[Dataset]:

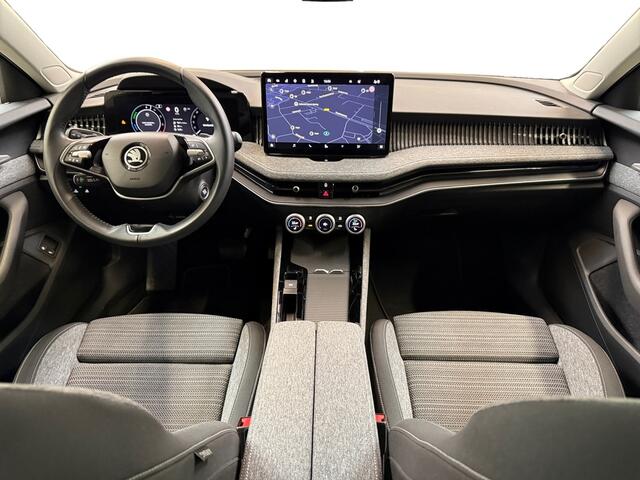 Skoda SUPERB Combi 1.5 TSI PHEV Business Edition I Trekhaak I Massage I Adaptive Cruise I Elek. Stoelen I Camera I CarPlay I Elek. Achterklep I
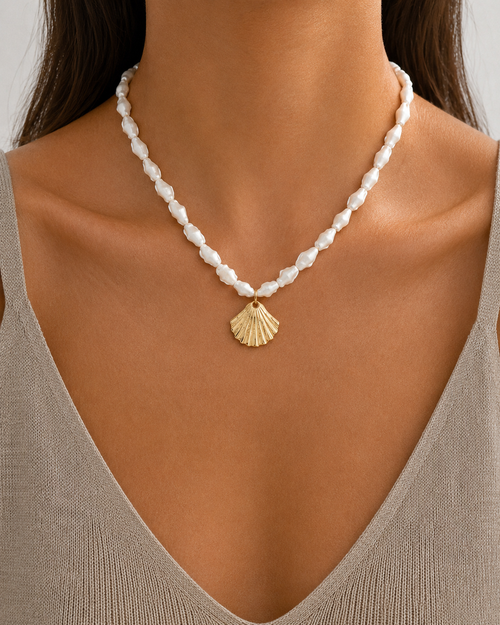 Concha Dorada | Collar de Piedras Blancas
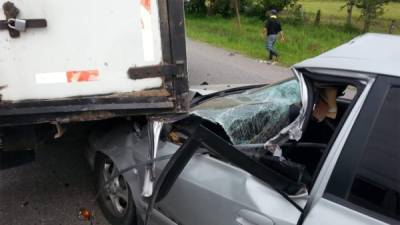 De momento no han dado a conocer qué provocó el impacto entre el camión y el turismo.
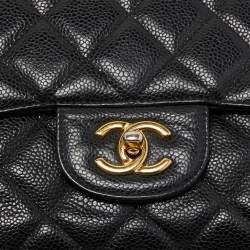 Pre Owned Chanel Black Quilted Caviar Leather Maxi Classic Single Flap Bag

* * *

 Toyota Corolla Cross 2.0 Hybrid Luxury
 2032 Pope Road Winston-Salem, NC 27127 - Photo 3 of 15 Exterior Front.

[The task]: Starting at the line above that holds "Concha Dorada | Collar de Piedras Blancas", repeat every line exactly down to and including the line that holds "Pre Owned Chanel", then stop. Do not carry over any pictures.

[Problem solution]:
 Concha Dorada | Collar de Piedras Blancas
 De momento no han dado a conocer qué provocó el impacto entre el camión y el turismo.
 Pre Owned Chanel Black Quilted Caviar Leather Maxi Classic Single Flap Bag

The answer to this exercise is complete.